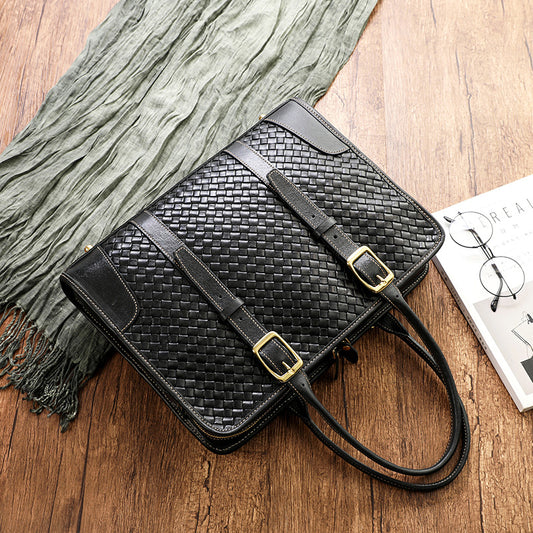 Black woven handbag with gold buckles on a wooden surface with a scarf and book in the background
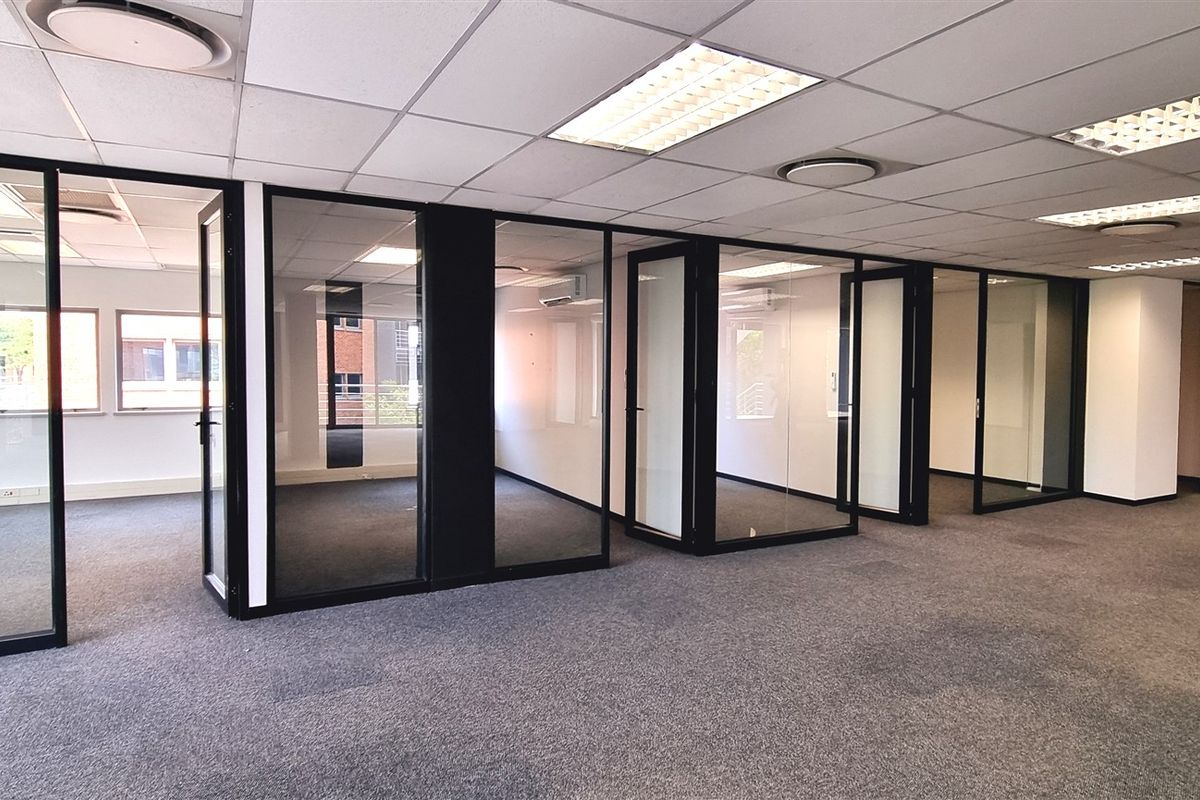 Open plan office space featuring glass partitioned private offices, suspended ceilings with recessed lighting, and carpeted flooring throughout.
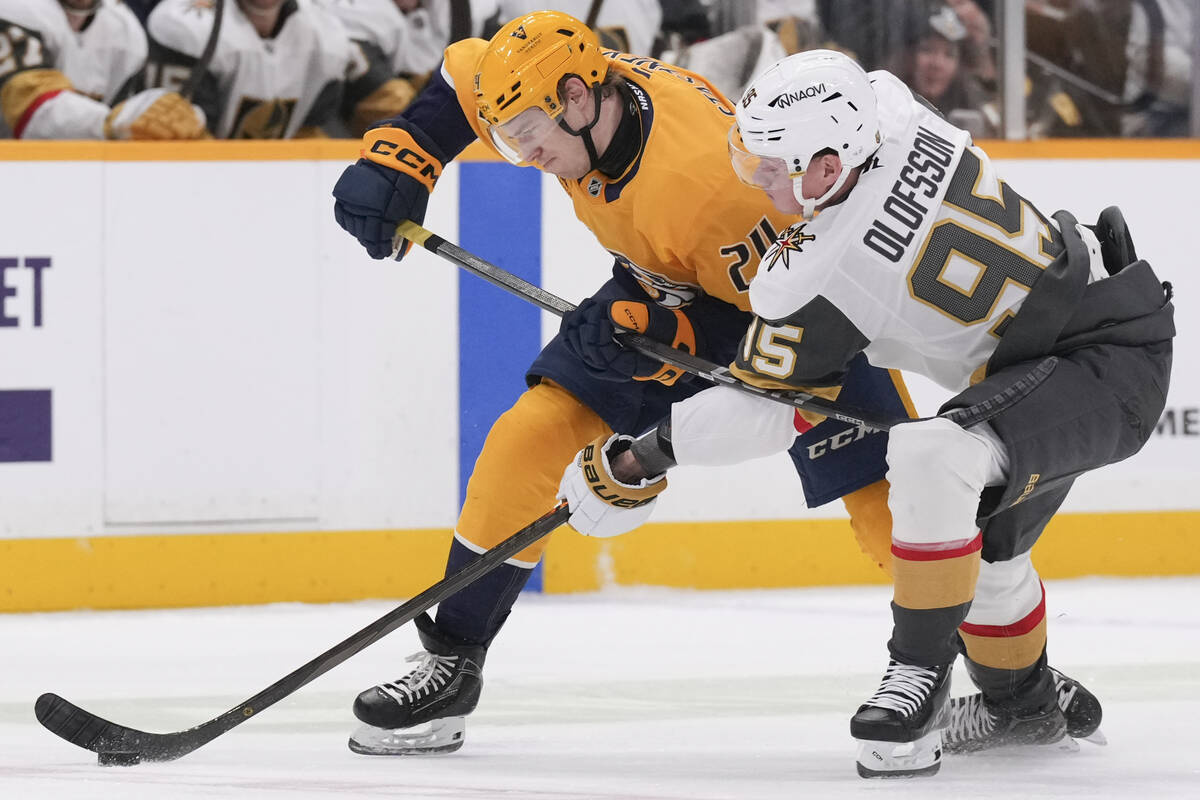 Vegas Golden Knights right wing Victor Olofsson (95) reaches for the puck past Nashville Predat ...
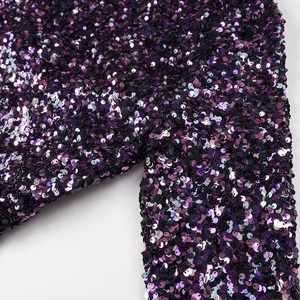 Vue détaillée de paillettes violettes et noires sur une mini robe moulante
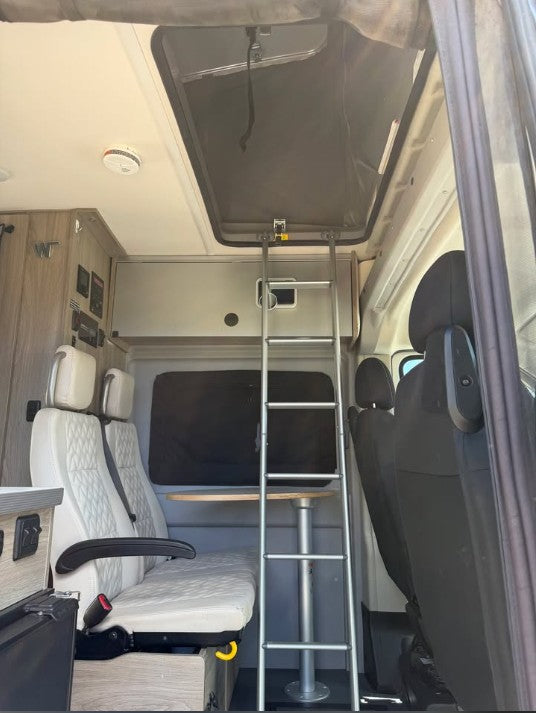 RV rental camper van interior. Ladder to upper bed, with white quilted seats and a small table below. — photo 9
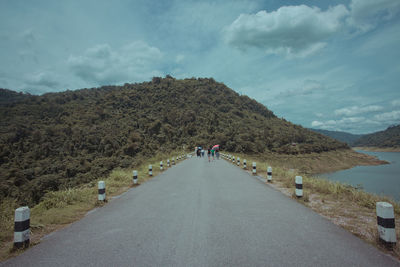 Rear view of people walking on road amidst mountains against sky
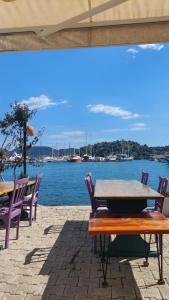 a table and chairs with a view of the water at Kekova Hassan's Pansiyon in Demre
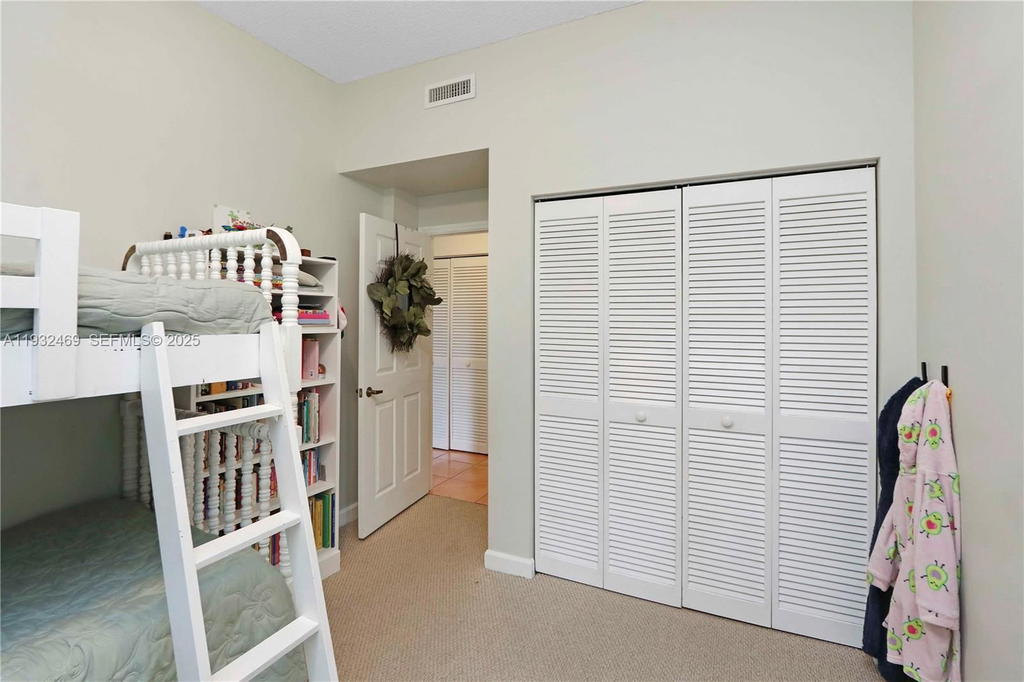 Real estate property located at 9805 52nd St #102, Miami-dade, Doral House Condo No 2, Doral, FL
────────────────────────────────────────
**Task details:** From the first line of the records down through the line containing "Open plan office", transcribe exactly those lines and no others, both ends kept, pictures dropped.

**Solution for this problem:**
 Black woven handbag with gold buckles on a wooden surface with a scarf and book in the background
 Open plan office space featuring glass partitioned private offices, suspended ceilings with recessed lighting, and carpeted flooring throughout.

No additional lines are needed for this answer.